If you examine American history with care, you will find that the phrase “states’ rights” invariably refers to the rights of states to oppress some group of individual residents. Try it sometime!

Comments

  1. markm says:

    Boy, you’ve really stepped in it – in my experience if a blogger says something implying that the South seceded because of slavery and there will soon be a mass of postings by historically ignorant southerners and special pleaders. So to get ahead of that crowd:

    To my Kansas ancestors, the Civil War didn’t start at Fort Sumter in 1861, it started in Kansas in 1854, and it was definitely about slavery. With slavery for the territory up to a vote, slavery supporters were not only working to pack the polls with non-residents from across the river, but they were also trying to suppress anti-slavery opinion by murdering people in the streets. Admittedly, abolitionist sociopaths like John Brown ratcheted it several notches by responding to random murders in the street with _organized_ murders of proslavery men in their homes, but everything I’ve seen about this says that the slavers started the violence. And why not? By advocating slavery and holding slaves if they could afford them, they were already stealing the lives of men and women, one day at a time.

    Rebel apologists will claim that the root cause was economic policy, especially tariffs to protect northern manufacturers and drive down the relative value of cotton. The tariffs were unfair, but unfair tariffs had been in place at least since the 1820’s. There was a semi-rebellion over that thirty years before the Civil War (look up nullification”), which was suppressed by Andrew Jackson – a southerner, a slaveowner, and a cotton planter – because he recognized that preserving the union was more important than the economic interests of his part of the country.

    Just one thing changed in 1860 – a President was elected who was determined to see that the stain of slavery spread no further. That was why the South rebelled – and they had already proven their willingness to kill to expand slavery to new states in Kansas. They had also shown that they were willing to give up their freedom of speech to suppress criticism of slavery, in laws passed in many of the southern states. They’d committed assault and battery – if not attempted murder – in the halls of Congress to try to suppress debate of slavery.

    If the South hadn’t started the war in Fort Sumter, it would have just started a little later, when the CSA attempted to seize Kansas or Oklahoma, or perhaps when the CSA invaded Mexico or other Latin American countries to steal their land and re-impose slavery, and the Union intervened.

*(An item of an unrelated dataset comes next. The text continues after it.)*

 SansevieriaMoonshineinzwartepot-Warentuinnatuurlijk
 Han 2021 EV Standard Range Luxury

    • Hezekiah Garrett says:

      Funny you should mention Oklahoma…

      Your Kansas ancestors were genocidal maniacs, whether free or slave.

    • Oatworm says:

      Just one thing changed in 1860 – a President was elected who was determined to see that the stain of slavery spread no further.

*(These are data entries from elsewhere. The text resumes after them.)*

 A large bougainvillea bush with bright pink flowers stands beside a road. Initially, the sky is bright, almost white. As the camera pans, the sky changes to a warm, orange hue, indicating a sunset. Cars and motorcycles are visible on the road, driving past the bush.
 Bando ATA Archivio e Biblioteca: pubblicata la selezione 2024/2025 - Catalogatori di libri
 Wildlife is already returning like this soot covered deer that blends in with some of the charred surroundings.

      Fun fact: Abraham Lincoln was never given a chance to show anyone what he thought about slavery – the Southern states started to secede long before he was sworn in. South Carolina seceded on December 20, 1860, almost three months before Abraham Lincoln took office. The bigger issue at the time was that the Northern states chose to exercise a bit of “state’s rights” of their own and started treating the Fugitive Slave Act with the same level of respect that modern-day Colorado and Washington treat marijuana’s Schedule I classification. This was already happening before 1860, but after the election, most of the Northern states elected Republican legislatures and governors who openly ran on a platform of effectively nullifying the Fugitive Slave Act; the Southern states (probably rightly) assumed that Lincoln, being a Republican and all, would exercise some “prosecutorial discretion” and refuse to enforce the Fugitive Slave Act in those recalcitrant Northern states. So, to protect their “property”, they tried to take their ball and go home.